* PROBLEM TO SOLVE *
In the entries below, find the line with "laundry area featuring" and the line with "ranch-style home with"; give again those lines and every line between them, exactly.

[Data entries]
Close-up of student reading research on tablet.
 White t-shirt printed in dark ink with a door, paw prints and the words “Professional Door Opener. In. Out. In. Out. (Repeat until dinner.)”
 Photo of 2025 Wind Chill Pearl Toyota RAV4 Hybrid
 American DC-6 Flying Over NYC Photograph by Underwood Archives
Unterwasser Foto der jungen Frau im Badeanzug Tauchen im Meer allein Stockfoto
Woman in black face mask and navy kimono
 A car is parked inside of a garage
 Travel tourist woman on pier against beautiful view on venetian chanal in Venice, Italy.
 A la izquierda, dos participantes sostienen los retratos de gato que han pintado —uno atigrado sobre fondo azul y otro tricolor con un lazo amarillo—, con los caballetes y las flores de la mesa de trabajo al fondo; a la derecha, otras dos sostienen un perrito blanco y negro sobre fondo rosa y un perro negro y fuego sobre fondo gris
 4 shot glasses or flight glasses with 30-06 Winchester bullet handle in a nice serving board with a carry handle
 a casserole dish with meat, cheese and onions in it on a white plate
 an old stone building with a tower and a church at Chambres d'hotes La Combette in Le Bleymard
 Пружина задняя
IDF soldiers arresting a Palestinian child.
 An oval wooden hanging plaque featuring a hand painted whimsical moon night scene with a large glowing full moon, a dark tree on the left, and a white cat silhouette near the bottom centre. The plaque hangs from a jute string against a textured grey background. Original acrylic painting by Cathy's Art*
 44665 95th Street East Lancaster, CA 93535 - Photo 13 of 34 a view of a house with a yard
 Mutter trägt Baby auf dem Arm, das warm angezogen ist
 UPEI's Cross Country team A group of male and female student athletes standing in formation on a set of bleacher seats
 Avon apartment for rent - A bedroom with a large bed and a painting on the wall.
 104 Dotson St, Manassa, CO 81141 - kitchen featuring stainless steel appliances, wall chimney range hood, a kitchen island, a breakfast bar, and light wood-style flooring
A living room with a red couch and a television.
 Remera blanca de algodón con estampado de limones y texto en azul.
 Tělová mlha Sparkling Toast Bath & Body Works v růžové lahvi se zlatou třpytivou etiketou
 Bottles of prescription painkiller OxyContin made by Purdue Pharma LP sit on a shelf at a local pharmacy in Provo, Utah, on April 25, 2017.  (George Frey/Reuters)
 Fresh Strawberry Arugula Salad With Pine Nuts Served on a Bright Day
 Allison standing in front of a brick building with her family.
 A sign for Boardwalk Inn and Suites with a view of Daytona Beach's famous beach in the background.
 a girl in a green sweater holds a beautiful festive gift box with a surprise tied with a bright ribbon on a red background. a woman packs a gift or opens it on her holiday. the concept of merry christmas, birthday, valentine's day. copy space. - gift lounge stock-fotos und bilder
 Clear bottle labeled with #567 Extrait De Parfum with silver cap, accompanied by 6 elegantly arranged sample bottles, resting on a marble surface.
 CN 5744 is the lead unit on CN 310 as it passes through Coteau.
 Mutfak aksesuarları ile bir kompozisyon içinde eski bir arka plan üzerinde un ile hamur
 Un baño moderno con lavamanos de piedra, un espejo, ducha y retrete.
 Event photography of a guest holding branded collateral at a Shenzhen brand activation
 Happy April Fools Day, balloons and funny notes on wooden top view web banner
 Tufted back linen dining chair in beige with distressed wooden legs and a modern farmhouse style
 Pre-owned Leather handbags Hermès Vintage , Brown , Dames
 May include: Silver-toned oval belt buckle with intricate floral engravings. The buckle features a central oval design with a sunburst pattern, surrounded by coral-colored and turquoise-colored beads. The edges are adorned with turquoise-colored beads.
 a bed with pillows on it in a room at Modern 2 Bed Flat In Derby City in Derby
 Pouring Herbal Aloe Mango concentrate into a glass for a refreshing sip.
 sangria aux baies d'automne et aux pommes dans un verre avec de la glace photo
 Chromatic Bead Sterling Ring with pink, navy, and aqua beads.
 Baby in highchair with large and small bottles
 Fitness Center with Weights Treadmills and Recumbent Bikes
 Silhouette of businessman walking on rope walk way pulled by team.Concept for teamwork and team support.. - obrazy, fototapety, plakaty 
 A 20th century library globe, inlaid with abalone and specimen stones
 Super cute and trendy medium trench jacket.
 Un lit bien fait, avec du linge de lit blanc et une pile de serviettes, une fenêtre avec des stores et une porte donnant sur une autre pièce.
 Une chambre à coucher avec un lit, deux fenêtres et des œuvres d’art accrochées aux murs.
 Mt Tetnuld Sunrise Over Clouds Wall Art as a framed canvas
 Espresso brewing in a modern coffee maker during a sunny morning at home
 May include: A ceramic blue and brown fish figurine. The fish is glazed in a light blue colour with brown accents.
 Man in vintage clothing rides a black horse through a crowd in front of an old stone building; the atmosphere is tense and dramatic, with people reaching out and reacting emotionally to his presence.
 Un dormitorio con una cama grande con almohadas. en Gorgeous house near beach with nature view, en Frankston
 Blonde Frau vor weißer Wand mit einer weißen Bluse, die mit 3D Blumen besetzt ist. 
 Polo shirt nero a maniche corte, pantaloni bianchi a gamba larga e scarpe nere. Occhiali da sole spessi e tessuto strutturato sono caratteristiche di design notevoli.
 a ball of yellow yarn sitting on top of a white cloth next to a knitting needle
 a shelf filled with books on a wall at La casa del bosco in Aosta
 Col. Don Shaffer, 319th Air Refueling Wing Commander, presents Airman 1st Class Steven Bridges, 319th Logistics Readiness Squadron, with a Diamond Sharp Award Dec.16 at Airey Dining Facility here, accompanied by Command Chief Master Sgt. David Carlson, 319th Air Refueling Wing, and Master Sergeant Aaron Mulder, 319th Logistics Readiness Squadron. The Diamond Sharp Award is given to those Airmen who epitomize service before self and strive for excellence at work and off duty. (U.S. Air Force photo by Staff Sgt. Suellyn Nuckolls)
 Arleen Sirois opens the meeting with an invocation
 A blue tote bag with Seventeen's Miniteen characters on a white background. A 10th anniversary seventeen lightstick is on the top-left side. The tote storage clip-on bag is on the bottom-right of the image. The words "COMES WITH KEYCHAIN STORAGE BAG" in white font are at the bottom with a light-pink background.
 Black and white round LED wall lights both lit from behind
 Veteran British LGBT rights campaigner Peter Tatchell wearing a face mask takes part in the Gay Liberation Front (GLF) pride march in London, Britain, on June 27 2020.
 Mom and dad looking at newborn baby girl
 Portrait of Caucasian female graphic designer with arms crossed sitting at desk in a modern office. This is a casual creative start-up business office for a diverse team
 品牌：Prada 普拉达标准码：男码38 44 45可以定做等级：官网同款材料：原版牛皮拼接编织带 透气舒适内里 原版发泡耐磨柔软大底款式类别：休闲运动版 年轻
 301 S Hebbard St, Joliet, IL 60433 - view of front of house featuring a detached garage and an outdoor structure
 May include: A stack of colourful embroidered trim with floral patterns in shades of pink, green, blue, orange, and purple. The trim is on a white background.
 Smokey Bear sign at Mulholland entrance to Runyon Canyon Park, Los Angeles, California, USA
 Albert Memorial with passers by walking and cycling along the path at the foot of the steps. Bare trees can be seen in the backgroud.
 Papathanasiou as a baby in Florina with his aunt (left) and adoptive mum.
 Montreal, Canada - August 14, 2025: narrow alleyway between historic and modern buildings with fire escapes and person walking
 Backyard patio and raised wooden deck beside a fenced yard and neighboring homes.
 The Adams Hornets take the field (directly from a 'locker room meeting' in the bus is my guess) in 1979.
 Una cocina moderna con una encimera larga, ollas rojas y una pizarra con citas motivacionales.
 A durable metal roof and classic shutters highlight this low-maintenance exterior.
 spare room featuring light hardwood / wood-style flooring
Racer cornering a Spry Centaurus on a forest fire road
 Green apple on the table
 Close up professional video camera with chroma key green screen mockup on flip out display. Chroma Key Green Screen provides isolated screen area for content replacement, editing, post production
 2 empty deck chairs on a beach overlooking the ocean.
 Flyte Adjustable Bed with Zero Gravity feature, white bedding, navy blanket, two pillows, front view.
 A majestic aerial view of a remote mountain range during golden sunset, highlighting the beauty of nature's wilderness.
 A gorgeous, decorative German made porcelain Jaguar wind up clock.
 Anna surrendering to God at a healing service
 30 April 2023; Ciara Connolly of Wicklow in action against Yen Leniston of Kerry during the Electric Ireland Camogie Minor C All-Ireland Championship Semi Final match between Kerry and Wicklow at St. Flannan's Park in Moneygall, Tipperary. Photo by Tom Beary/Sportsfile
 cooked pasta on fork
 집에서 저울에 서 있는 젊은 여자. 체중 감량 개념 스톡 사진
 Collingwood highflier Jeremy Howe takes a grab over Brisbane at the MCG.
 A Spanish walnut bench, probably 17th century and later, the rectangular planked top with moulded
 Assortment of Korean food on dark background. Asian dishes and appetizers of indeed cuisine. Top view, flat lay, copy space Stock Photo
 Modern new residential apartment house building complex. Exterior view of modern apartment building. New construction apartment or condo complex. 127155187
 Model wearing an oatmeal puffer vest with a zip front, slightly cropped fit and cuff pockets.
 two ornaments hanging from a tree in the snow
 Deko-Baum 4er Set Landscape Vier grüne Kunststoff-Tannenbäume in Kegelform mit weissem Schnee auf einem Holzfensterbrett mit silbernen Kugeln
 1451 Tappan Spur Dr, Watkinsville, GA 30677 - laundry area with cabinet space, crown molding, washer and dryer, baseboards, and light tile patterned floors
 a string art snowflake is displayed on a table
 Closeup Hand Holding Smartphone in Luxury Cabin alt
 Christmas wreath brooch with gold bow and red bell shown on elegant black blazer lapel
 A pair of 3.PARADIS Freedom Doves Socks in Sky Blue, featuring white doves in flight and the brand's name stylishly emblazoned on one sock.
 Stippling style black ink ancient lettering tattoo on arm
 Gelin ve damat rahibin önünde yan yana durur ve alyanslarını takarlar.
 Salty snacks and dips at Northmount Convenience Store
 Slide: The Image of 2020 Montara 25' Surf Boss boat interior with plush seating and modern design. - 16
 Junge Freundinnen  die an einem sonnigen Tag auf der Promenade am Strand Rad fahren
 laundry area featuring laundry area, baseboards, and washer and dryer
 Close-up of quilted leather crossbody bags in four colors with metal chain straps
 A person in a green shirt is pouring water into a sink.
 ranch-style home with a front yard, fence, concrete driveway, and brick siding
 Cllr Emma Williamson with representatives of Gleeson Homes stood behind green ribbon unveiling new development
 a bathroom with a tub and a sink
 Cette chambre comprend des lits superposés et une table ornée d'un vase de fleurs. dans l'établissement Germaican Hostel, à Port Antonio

* RESULT OF THIS EXERCISE *
 laundry area featuring laundry area, baseboards, and washer and dryer
 Close-up of quilted leather crossbody bags in four colors with metal chain straps
 A person in a green shirt is pouring water into a sink.
 ranch-style home with a front yard, fence, concrete driveway, and brick siding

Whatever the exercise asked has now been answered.